Quatrième de couverture
 
Dans un restaurant bondé de Tel-Aviv, une femme fait exploser la bombe qu'elle dissimulait sous sa robe de grossesse. Toute la journée, le docteur Amine, Israélien d'origine arabe, opère à la chaîne les innombrables victimes de cet attentat atroce. Au milieu de la nuit, on le rappelle d'urgence à l'hôpital pour lui apprendre sans ménagement que la kamikaze est sa propre femme.
 
Il fallait l'audace rare de Yasmina Khadra pour oser aborder un tel sujet.
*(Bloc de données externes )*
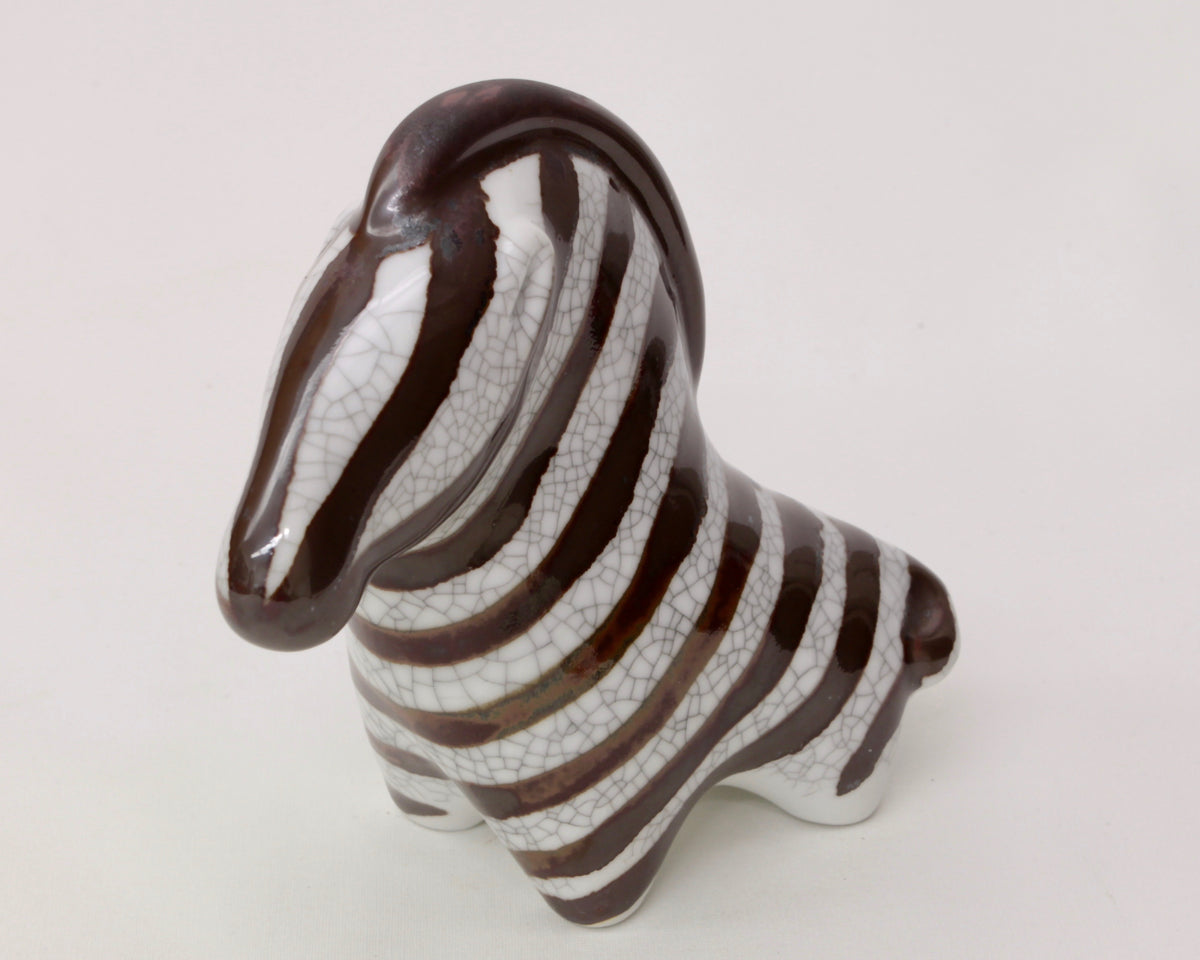 3B6196D1-34BC-49D6-A580-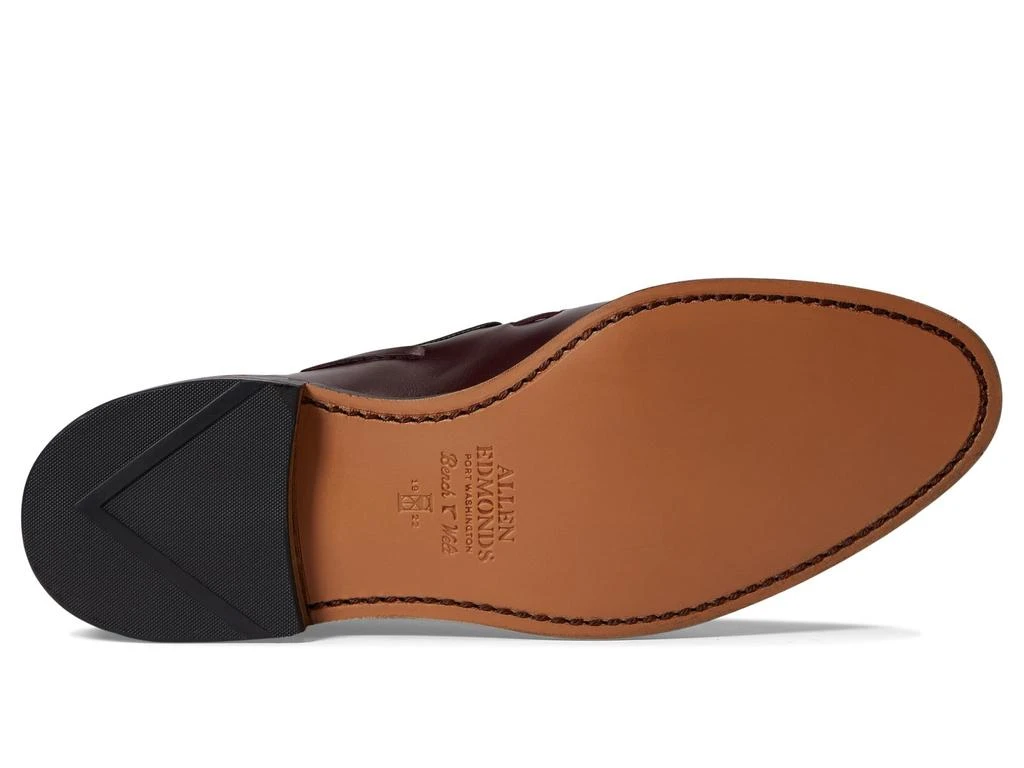 Allen Edmonds Grayson 3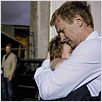 Em um Mundo Melhor : foto Ulrich Thomsen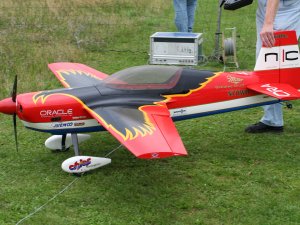 img_4184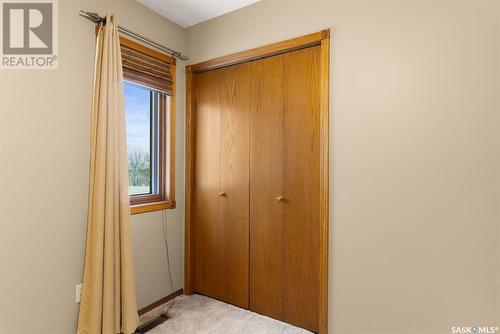 8 Deneve Drive, Edenwold Rm No. 158, SK - Indoor Photo Showing Other Room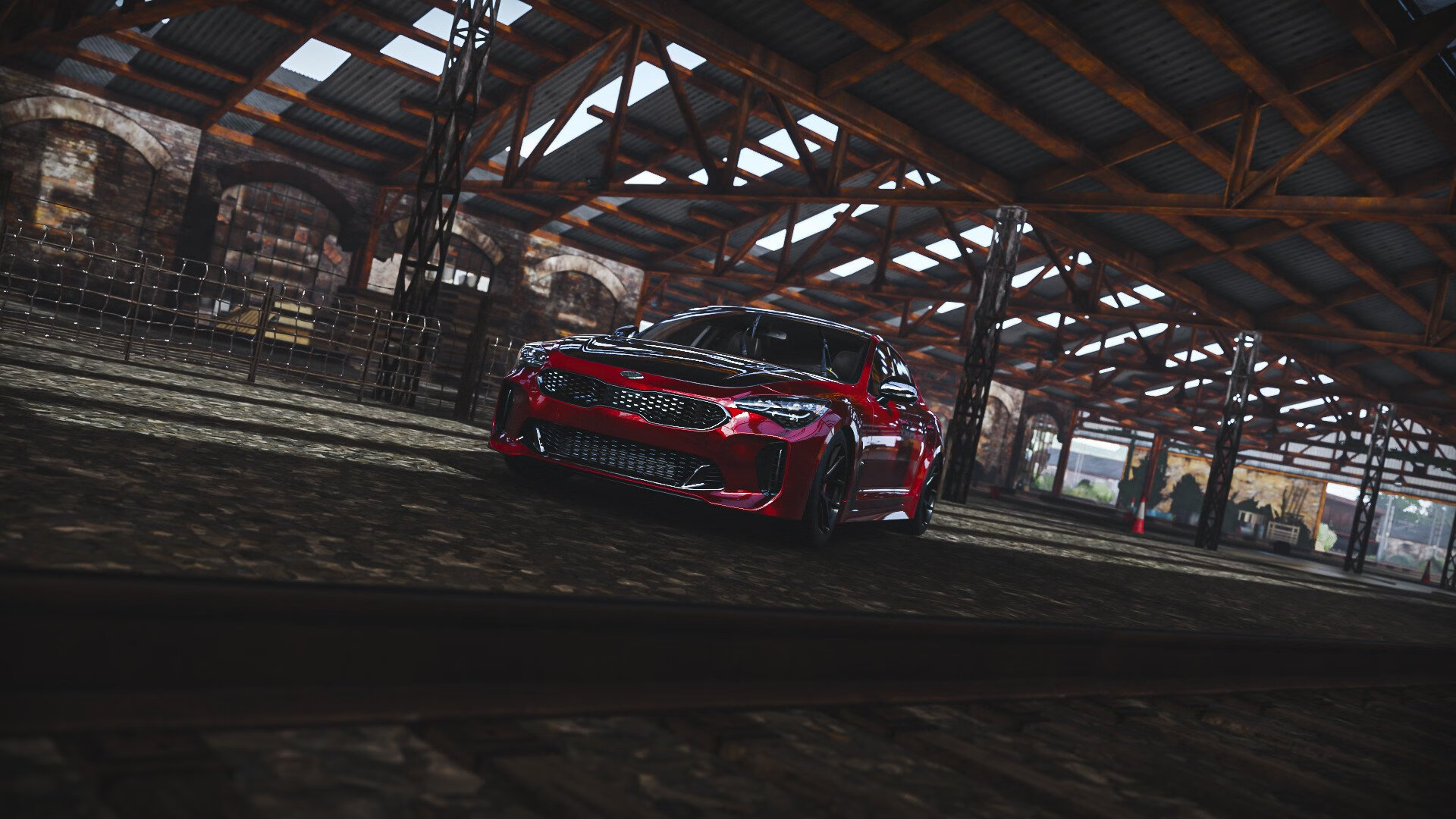 狼王咆哮,爱德华兹末节20分凿沉鹈鹕!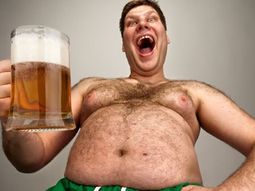 cerveza y calorias: el fin del mito cervecera cerveza y calorias: el fin del mito cervecera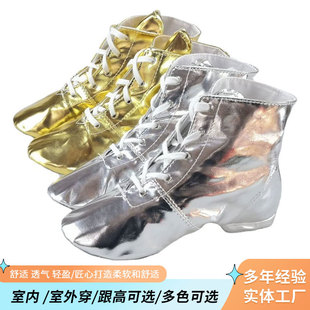 �赸Ь��ɫ�yɫPU��ʿѥ������Ь�F�������辚��Ь�p���������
Dans ce roman extraordinaire, on retrouve toute la générosité d'un écrivain qui n'en finit pas d'étonner par son imaginaire et son humanisme.
 
Yasmina Khadra, de son vrai nom Mohammed Moulessehoul, est né en 1955 dans le Sahara algérien. Il est aujourd'hui l'une des plus importantes voix du monde arabe et un digne ambassadeur de la langue française. Ses romans sont traduits dans dix-sept pays et rencontrent un intérêt grandissant. Les Hirondelles de Kaboul, traduit aux USA par John Cullen et soutenu par les plus importants libraires américains et canadiens, a été élu Meilleur livre de l'année aux Etats-Unis par le San Francisco Chronicle et le Christian Sciences Monitor. Le prix Nobel J. M. Coetzee voit en cet écrivain prolifique un romancier de premier ordre.
 
Mon appréciation
 
L'épouse du Dr Amine Jaafari se fait exploser. Elle a caché la bombe sur elle alors vêtue d'une robe de maternité. C'est elle la kamikaze dans ce restaurant bondé, tuant plusieurs enfants.
 
Amine ne veut y croire, pas sa Sihem, elle si heureuse, si féminine, si jolie. Impossible, il y a erreur.
 
Quand il se rend à l'évidence, il doit savoir (lui qui sauve des vies), comprendre ce qui s'est passé dans la tête de Sihem, pourquoi elle s'est donnée la mort. Il se sent coupable de n'avoir rendu sa femme heureuse.
 
Ainsi va sa quête de Bethléem en passant par Ramallah et Janin, à la visite à sa famille.
 
Je ne peux dire que j'ai adoré ce livre. Intéressant ? Oui… mais avec beaucoup de longueur. À un moment donné, j'étais conquise par le déroulement de l'histoire, tout de suite après, désintérêt total pour de nombreuses pages.
 
Je ne relirai pas d'autres livres de cet auteur. Mes attentes étaient peut-être trop grandes. Remarquez que ceci est simplement mon humble avis et que d'autres lecteurs peuvent apprécier grandement.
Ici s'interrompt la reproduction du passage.